Analyzing significance and effect sizes across all configuration metrics.

In [None]:
significant_results = []

for config_name, metrics_data in rq2_results.items():
    sci_result = metrics_data.get('sci_score', {})
    if sci_result.get('significant', False) and not sci_result.get('error'):
        significant_results.append({
            'Configuration': config_name,
            'SCI_Mean': sci_result['config_mean'],
            'SCI_Std': sci_result['config_std'],
            'Improvement_%': sci_result['improvement_pct'],
            'P_Value': sci_result['p_value'],
            'Effect_Size': sci_result['effect_size'],
            'Test_Type': sci_result['test_type'],
            'Sample_Size': sci_result['config_n']
        })

significant_df = pd.DataFrame(significant_results)
if not significant_df.empty:
    significant_df = significant_df.sort_values('Improvement_%', ascending=False)
    significant_df.to_csv(results_dir / 'rq2_significant_configurations.csv', index=False)
    
    print("Significant SCI Improvements vs Baseline:")
    print(significant_df[['Configuration', 'Improvement_%', 'P_Value']].to_string(index=False))
else:
    print("No statistically significant SCI improvements found")

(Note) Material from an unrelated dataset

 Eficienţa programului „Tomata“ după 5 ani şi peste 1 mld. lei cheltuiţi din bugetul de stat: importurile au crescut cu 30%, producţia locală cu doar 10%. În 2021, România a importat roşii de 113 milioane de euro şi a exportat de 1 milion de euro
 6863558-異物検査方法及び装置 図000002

## SCI Distribution Analysis by Configuration

Visualizing the distribution of SCI scores across different configurations using violin plots to show central tendency and distribution shape.

In [None]:
plot_data = []

for _, row in baseline_data.iterrows():
    plot_data.append({
        'SCI_Score': row['sci_score'],
        'Configuration': 'Baseline',
        'Experiment': 'P1_E1'
    })

for exp_id in ['P2_E1', 'P2_E2', 'P2_E3', 'P2_E4', 'P2_E5']:
    if exp_id in experiment_data:
        exp_data = experiment_data[exp_id]
        factor_col = experiments[exp_id].get('factor')

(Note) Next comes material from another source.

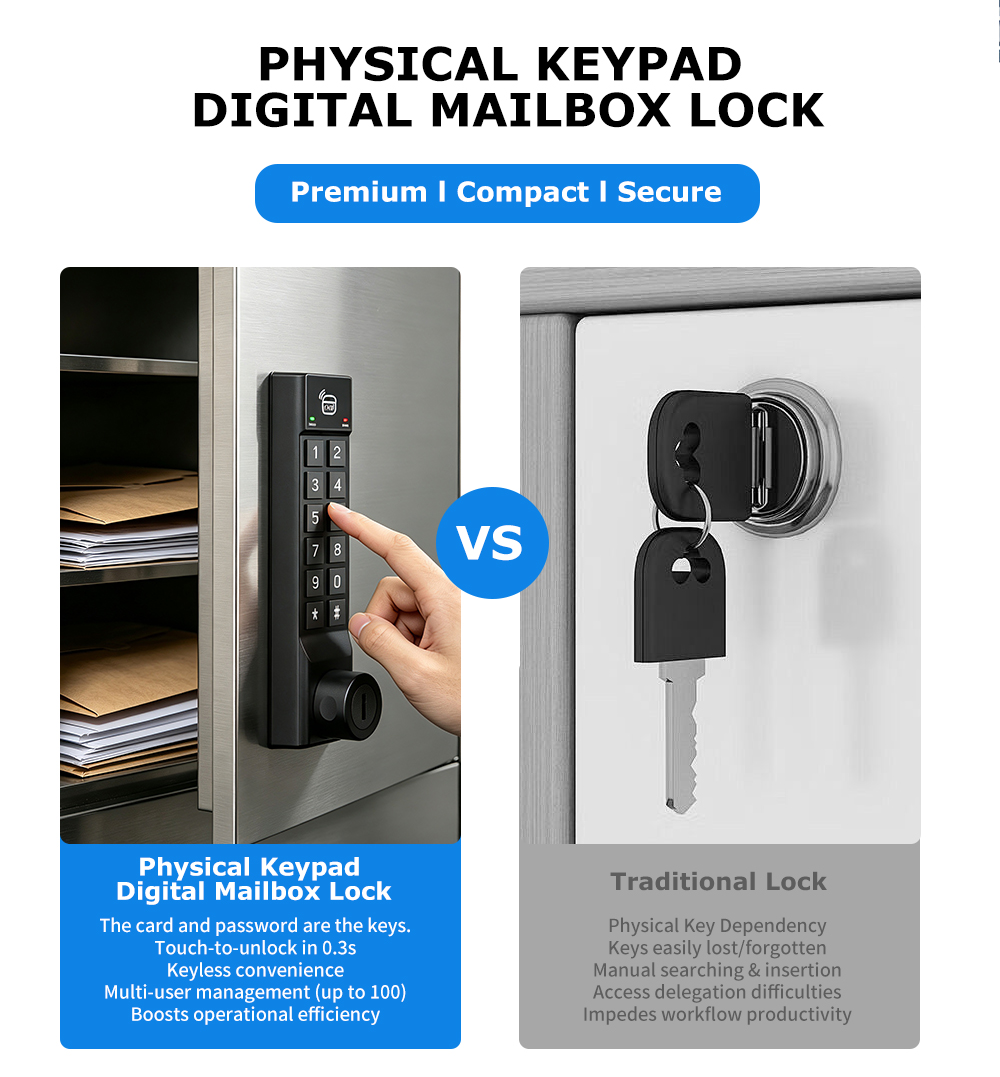 digital cabinet lock for lockers.jpg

        if factor_col and factor_col in exp_data.columns:
            for _, row in exp_data.iterrows():
                plot_data.append({
                    'SCI_Score': row['sci_score'],
                    'Configuration': row[factor_col],
                    'Experiment': exp_id
                })

if 'P3_E1' in experiment_data:
    for _, row in experiment_data['P3_E1'].iterrows():
        plot_data.append({
            'SCI_Score': row['sci_score'],
            'Configuration': 'Carbon-Optimized',
            'Experiment': 'P3_E1'
        })

plot_df = pd.DataFrame(plot_data)

fig, ax = plt.subplots(figsize=(16, 10))

experiment_order = ['P1_E1', 'P2_E1', 'P2_E2', 'P2_E3', 'P2_E4', 'P2_E5', 'P3_E1']

config_to_experiment = plot_df.set_index('Configuration')['Experiment'].to_dict()

unique_configs = plot_df['Configuration'].unique()
config_order = sorted(unique_configs, key=lambda c: experiment_order.index(config_to_experiment[c]))

experiment_palette = sns.color_palette('tab10', len(experiment_order))
experiment_color_map = dict(zip(experiment_order, experiment_palette))

violin_plot = sns.violinplot(
    data=plot_df,
    x='Configuration',
    y='SCI_Score',
    order=config_order,
    inner='box',
    ax=ax
)

ax.set_xticklabels(config_order, rotation=45)
ax.set_xlabel('Configuration', fontsize=14)
ax.set_ylabel('SCI Score (gCO₂e/scenario)', fontsize=14)

ax.axhline(y=baseline_sci_mean, color='red', linestyle='--', alpha=0.7,
           label=f'Baseline Mean: {baseline_sci_mean:.3f}')

for i, config in enumerate(config_order):
    experiment = config_to_experiment[config]
    color = experiment_color_map[experiment]
    violin_plot.collections[i * 2].set_facecolor(color)

legend_patches = [mpatches.Patch(color=color, label=exp) for exp, color in experiment_color_map.items()]
ax.legend(handles=legend_patches, title='Experiment', bbox_to_anchor=(1.01, 1), loc='upper left')

plt.tight_layout()
plt.savefig(figures_dir / 'sci_distribution_by_configuration.png')
plt.show()

print(f"Violin plot saved to {figures_dir / 'sci_distribution_by_configuration.png'}")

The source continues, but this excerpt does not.